-- What you are asked to do --
With the string "Snapshot" as the filter, copy each matching line from the records.

Brief descriptive captions
######

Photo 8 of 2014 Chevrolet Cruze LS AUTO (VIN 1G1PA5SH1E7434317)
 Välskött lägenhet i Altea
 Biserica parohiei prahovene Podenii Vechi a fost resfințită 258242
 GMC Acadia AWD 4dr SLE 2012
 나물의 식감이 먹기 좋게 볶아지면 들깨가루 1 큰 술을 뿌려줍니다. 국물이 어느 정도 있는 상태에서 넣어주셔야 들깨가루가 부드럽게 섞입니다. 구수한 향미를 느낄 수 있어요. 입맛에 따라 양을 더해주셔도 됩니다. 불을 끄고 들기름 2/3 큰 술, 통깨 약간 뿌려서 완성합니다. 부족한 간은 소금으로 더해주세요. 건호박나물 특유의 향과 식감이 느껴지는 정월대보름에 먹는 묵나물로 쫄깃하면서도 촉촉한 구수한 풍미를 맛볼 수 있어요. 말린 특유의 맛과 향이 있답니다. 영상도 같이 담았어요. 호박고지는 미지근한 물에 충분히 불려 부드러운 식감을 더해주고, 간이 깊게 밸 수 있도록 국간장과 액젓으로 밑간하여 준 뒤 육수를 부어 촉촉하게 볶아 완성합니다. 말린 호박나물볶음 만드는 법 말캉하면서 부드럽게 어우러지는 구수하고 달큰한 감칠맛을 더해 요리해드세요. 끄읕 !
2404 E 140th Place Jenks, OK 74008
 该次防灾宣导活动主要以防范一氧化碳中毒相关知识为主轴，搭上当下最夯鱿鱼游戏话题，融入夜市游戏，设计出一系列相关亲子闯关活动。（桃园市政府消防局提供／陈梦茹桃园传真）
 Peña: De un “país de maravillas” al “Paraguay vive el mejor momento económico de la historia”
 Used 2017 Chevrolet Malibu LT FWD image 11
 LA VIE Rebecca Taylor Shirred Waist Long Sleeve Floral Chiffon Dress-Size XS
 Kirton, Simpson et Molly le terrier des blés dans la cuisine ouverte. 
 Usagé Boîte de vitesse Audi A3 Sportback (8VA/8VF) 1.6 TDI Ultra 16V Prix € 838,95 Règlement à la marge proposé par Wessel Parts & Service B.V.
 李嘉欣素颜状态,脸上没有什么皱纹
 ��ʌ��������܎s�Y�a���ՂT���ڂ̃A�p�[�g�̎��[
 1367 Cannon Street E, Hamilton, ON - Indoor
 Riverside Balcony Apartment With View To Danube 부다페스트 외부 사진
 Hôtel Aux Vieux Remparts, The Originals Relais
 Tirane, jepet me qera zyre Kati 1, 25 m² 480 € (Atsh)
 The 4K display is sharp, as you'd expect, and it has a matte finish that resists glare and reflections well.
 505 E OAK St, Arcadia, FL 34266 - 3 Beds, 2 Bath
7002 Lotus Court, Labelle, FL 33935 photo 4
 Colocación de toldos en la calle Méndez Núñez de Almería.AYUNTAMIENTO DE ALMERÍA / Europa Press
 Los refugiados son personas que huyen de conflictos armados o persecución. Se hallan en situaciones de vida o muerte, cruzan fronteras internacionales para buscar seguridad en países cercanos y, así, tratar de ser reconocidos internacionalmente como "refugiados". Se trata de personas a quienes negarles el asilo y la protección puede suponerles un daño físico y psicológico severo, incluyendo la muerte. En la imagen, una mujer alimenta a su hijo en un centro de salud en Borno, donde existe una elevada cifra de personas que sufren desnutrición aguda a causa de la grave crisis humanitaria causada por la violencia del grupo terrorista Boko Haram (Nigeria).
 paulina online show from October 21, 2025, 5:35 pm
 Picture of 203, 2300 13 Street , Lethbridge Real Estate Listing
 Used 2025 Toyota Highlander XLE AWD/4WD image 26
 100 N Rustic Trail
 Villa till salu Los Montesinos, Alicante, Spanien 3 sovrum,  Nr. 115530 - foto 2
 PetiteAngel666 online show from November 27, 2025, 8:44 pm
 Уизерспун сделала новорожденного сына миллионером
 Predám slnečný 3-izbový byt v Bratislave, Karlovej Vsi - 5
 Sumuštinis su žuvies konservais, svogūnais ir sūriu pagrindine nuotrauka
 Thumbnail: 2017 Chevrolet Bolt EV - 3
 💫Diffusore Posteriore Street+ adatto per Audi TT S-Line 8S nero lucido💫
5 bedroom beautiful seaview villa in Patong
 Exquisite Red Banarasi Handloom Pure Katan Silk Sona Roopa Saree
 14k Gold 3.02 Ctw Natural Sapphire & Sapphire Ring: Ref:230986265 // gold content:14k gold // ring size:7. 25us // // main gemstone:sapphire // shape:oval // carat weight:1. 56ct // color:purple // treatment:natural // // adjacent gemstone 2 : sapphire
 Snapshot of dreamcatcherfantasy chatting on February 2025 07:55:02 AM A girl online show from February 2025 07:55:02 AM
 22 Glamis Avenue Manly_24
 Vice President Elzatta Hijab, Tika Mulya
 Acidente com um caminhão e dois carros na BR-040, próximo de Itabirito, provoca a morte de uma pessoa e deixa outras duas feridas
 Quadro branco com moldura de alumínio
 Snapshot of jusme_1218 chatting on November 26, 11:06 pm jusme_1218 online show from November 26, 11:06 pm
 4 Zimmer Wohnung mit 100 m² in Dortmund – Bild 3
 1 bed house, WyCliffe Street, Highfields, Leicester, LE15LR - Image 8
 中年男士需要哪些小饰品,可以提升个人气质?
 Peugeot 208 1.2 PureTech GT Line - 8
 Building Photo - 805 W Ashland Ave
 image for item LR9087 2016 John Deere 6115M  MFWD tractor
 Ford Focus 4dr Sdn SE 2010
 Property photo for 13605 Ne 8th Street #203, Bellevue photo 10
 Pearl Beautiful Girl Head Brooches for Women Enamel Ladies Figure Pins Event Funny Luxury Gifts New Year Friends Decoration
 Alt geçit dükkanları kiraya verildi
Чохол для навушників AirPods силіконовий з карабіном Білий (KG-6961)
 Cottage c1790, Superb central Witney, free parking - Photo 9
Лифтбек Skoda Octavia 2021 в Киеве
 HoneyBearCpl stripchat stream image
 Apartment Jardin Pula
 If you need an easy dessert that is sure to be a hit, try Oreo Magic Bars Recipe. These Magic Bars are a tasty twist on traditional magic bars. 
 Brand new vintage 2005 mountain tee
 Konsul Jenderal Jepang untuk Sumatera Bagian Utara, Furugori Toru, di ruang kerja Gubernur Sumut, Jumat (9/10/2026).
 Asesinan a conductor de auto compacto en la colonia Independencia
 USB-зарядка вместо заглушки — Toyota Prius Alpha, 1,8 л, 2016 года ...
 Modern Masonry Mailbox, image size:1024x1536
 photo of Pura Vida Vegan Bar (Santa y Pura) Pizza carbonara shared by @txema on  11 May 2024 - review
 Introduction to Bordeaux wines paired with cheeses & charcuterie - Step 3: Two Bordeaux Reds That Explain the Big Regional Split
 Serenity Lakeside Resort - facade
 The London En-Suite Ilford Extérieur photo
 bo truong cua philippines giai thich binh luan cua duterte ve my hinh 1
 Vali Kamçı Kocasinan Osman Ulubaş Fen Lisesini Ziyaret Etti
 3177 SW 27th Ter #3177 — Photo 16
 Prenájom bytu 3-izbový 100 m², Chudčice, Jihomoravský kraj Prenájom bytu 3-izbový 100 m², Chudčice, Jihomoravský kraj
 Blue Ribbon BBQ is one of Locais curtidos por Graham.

######

-- Answer to the problem --
 Snapshot of dreamcatcherfantasy chatting on February 2025 07:55:02 AM A girl online show from February 2025 07:55:02 AM
 Snapshot of jusme_1218 chatting on November 26, 11:06 pm jusme_1218 online show from November 26, 11:06 pm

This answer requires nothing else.